Il monastero fu fondato nel 1098 ca. per volontà Boemondo I, nell’area in cui già sorgeva un cenobio costituito da casupole, donato dallo stesso principe normanno di Taranto e Antiochia ai monaci basiliani. L’abbazia godette di grossa notorietà, soprattutto perché determinò la sopravvivenza delle lettere greche in un periodo in cui, sotto l’influenza dell’ambiente culturale promosso dalla corte di Federico II a Palermo, la lingua volgare prevaleva su quella classica.

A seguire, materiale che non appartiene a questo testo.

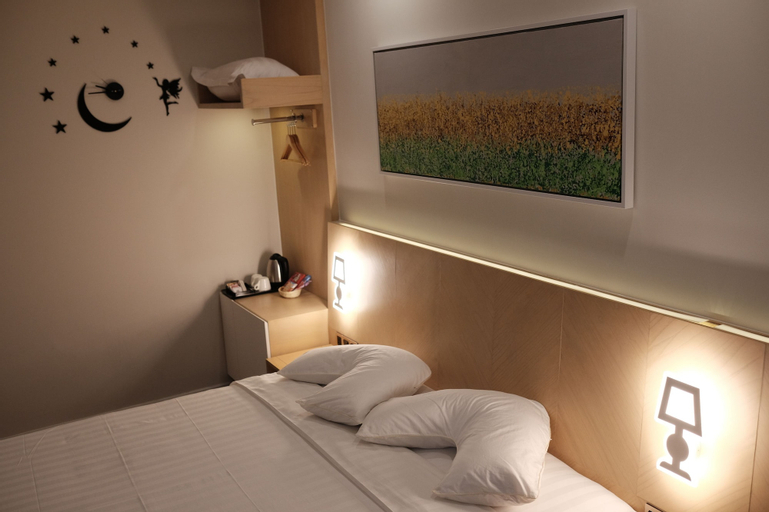 Bedroom 6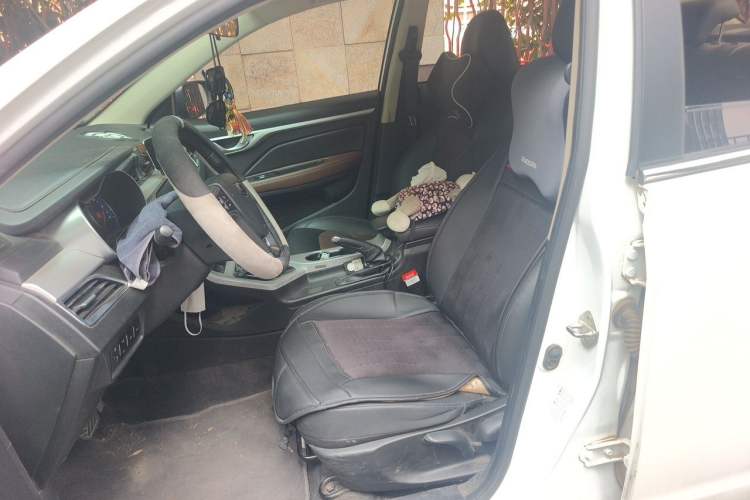 Used Geely Auto Vision 2019 Upgraded Model 1.5L CVT Luxury Version China VI Standard Left Front Seat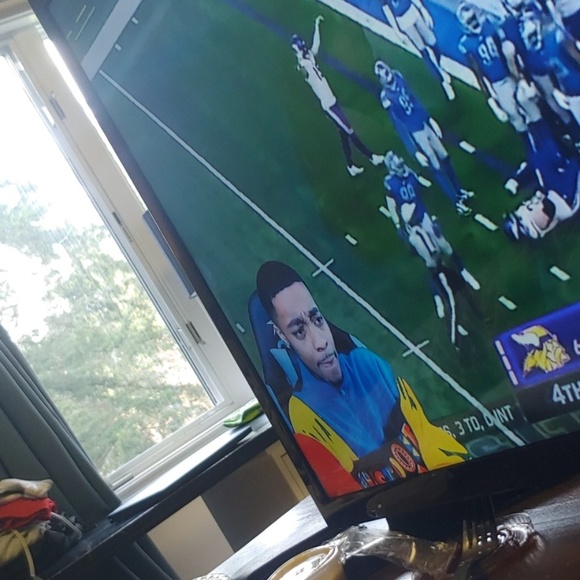 Jackson Halela - Poshmark Profile Picture of Jackson Halela (@yvung17) on Poshmark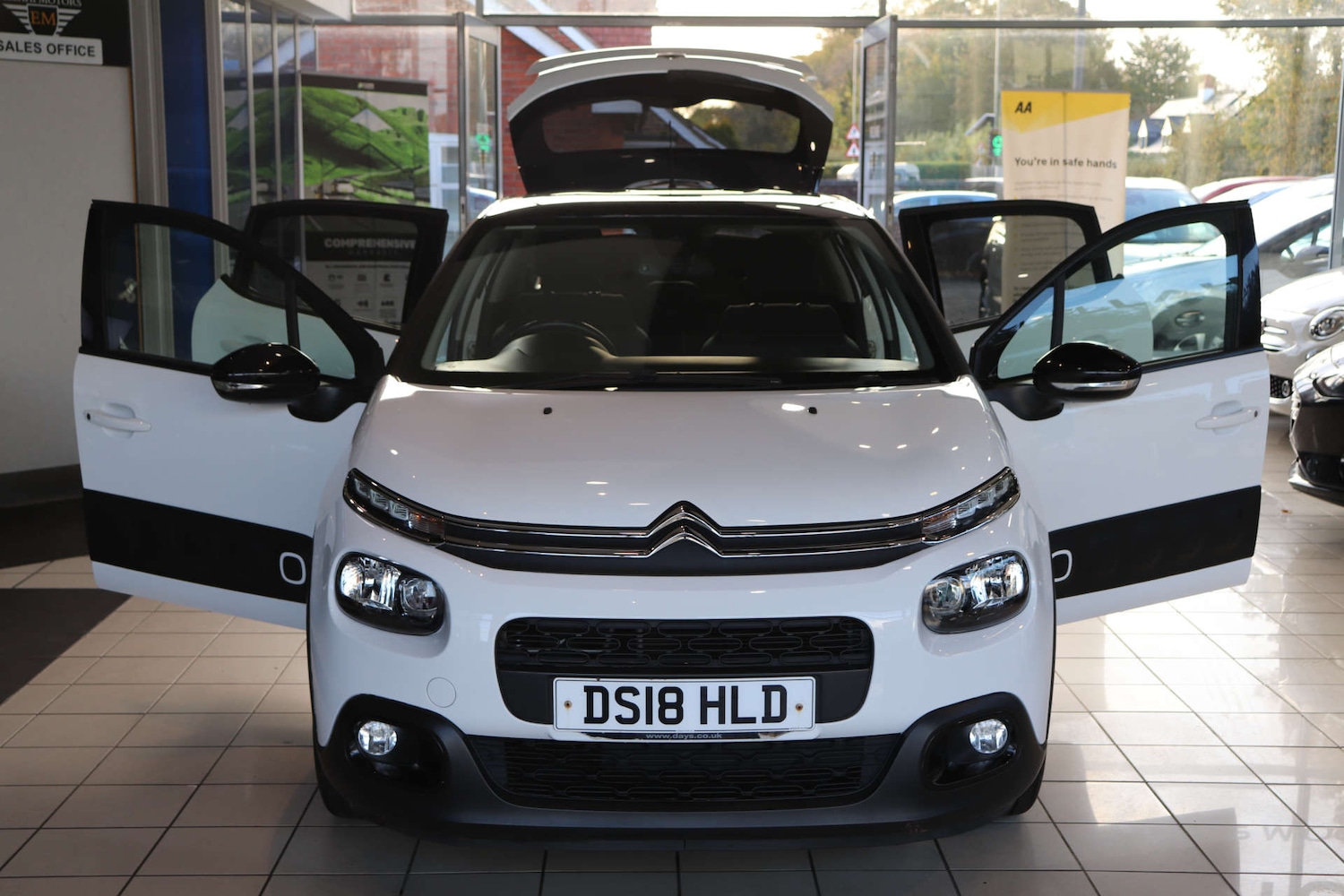 Used Citroen C3 2018 for sale - 76427142: Photo 13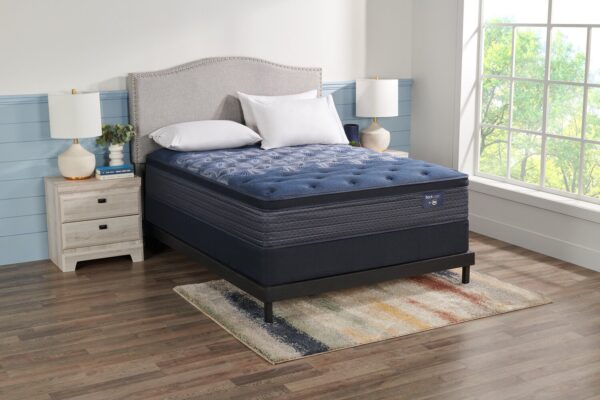 Serta Back Logic 3.0 Eurotop Plush Queen Mattress | Matelas moelleux à Euro-plateau Back Logic 3.0 de Serta pour grand lit - Image 4
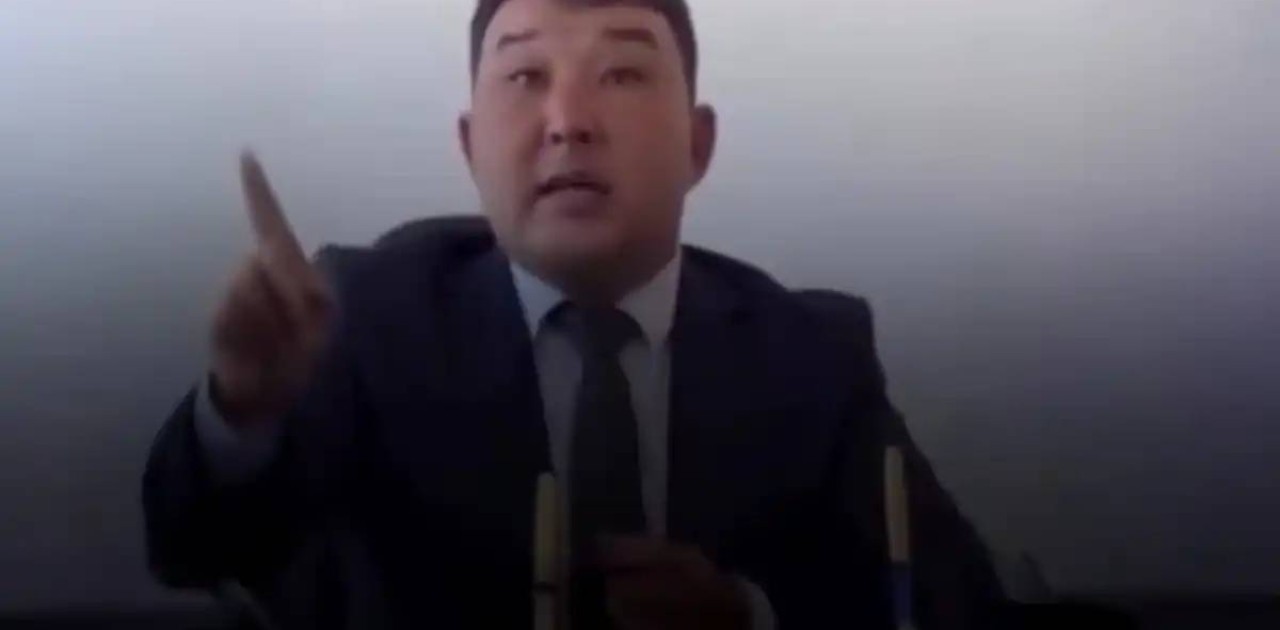 Халыққа бейәдеп сөз айтқан ауыл әкіміне айыппұл салынды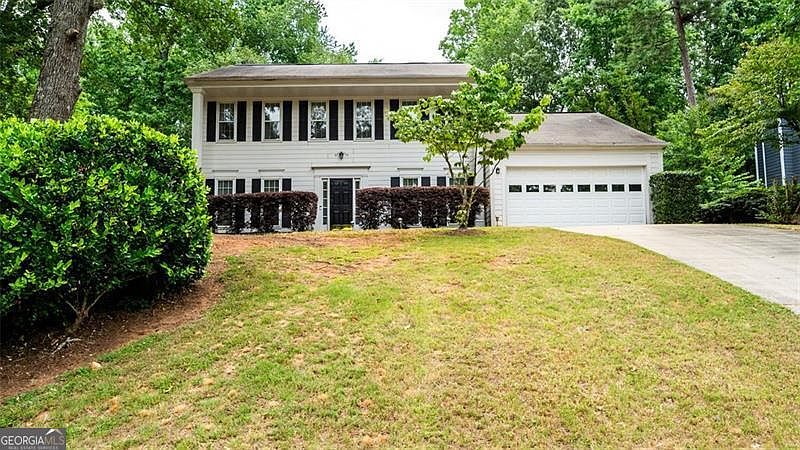 1st image of 1562 Hascall Dr SW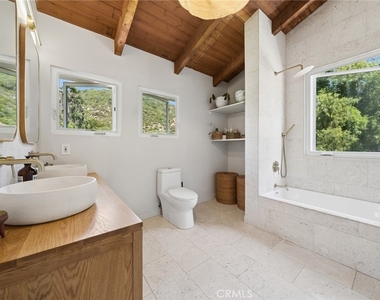 1377 Lewellyn - Photo Thumbnail 17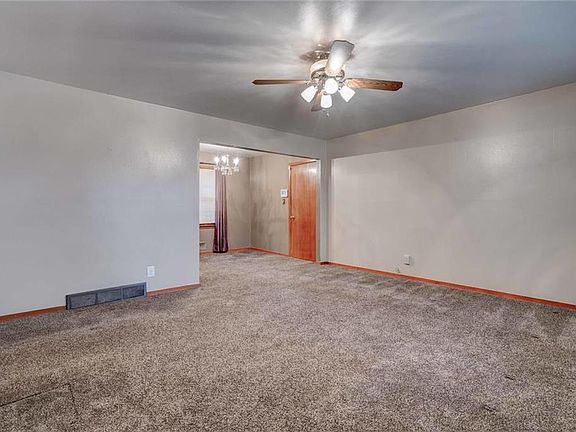 5th image of 9534 Hayes St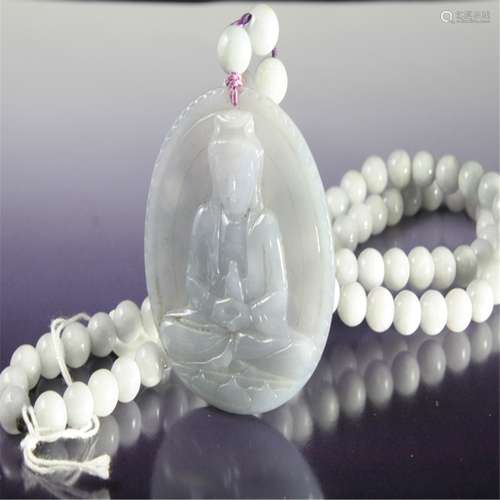 A jadeite pandant and necklace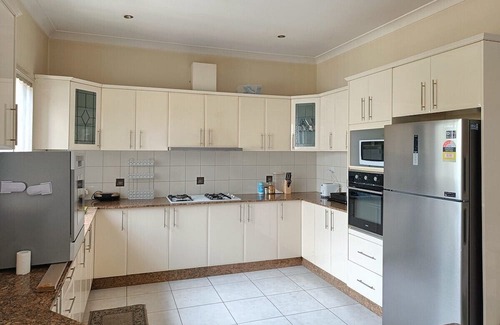Guildford House | Master Bedroom | Walk-in wardrobe | Balcony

All’interno del monastero fu fondata una scuola poetica da parte dell’abate Nettario, e una biblioteca di cui poteva usufruire anche il pubblico, costituita da centinaia di volumi, pergamene, rotoli di papiri, oggi sparsi per tutta Europa. Il sacco di Otranto del 1480 portò infatti alla distruzione dell’intero complesso dell’Abbazia di San Nicola, che rimarrà abbandonata fino al 1527 ca., quando solo la chiesa verrà restaurata per volere del Papa Clemente VII.

Quello che fu, tra XII e XV secolo e al culmine della diffusione del monachesimo basiliano nel Salento, uno dei più importanti centri di cultura e religione medioevale, per lungo tempo ponte tra Oriente e Occidente, dove molti giovani appassionati di lettere classiche e protesi ad una vita di riflessione sulle principali problematiche teologiche del tempo si dedicarono ai loro studi umanistici e filosofici, trovando un saldo punto di riferimento, giace ora quasi invisibile all’occhio umano. Quei resti affioranti dalla campagna idruntina, tra cui due serie di quattro colonne che dovevano sostenere l’arcata dell’antica chiesa e alcuni fregi solitari, necessitano non tanto dell’acquisizione da parte di qualche straniero miliardario amante del paesaggio salentino, quanto di un intervento pubblico che miri al recupero funzionale dell’intera area del monastero di San Nicola, suggellando il ricordo di un tale antico splendore.

Bibliografia:
DAQUINO C., Bizantini in Terra d’Otranto. Cavallino (LE), Capone, 2000.